Here’s where I had a problem with the conclusion and structure of the novel. Firstly, it feels as though too many sensible, tech-savvy characters survive the nuclear cataclysm for the “prehistoric” society to be convincingly forgotten. Moreover, despite the effects of bombs, chemical attacks, radiation and so on, the central premise of the novel is that women LITERALLY run on electricity, which makes the “hunter-gatherer cave person” society that humanity is supposed to be reduced to seem a bit hard to swallow. It feels a bit illogical and world-shattering.
These critiques, though, are minor. Because, on a thematic level, the conclusion absolutely works.
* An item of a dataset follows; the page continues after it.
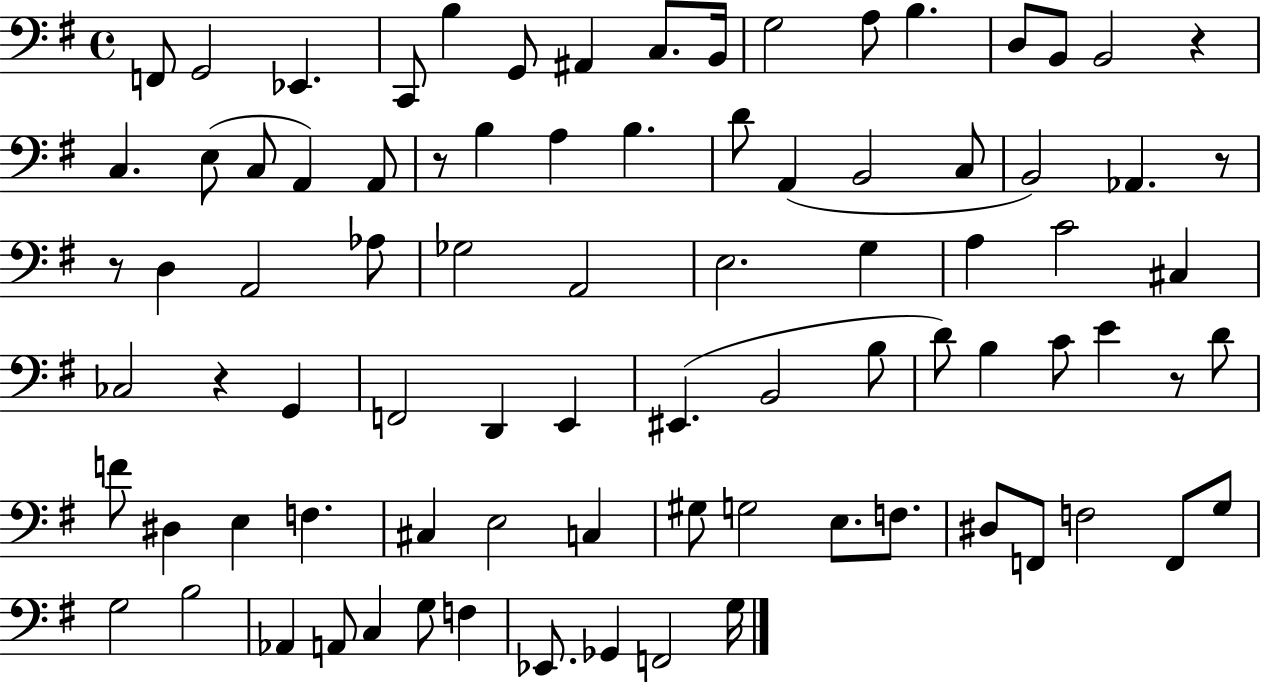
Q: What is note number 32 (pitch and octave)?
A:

If the events that lead to the breakdown of society, the violence, the cataclysm, and the emails reveal anything about humans, it is that we possess an innate self-destructive tendency, and that power begets the abuse of power. For the purposes of the novel, it doesn’t really matter whether you agree with the suggestion that if women held the power of men they would only end up making the same mistakes as men, committing the same atrocities as men, slipping into the same bad habits as men. “Gender is a shell game”, Neil writes. “What is a man? Whatever a woman isn’t. What is a woman? Whatever a man is not. Tap on it and it’s hollow. Look under the shells: it’s not there.”
What matters more, perhaps, is that we question structures and institutions that enable the abuse of privilege. And in this context, that means reflecting on and challenging the treatment of women in our own society. The Power is a terrifying response to patriarchal culture and toxic masculinity, but its most damning indictment is reserved for the insidious means by which gender distinctions and power imbalance become normalised. Toxic behaviour’s most awful trick, after all, is that it can hide in plain sight. By writing this novel as an inversion of the world we inhabit and the norms we accept, Alderman makes crystal clear that the only “power” required to challenge abuse is empathy.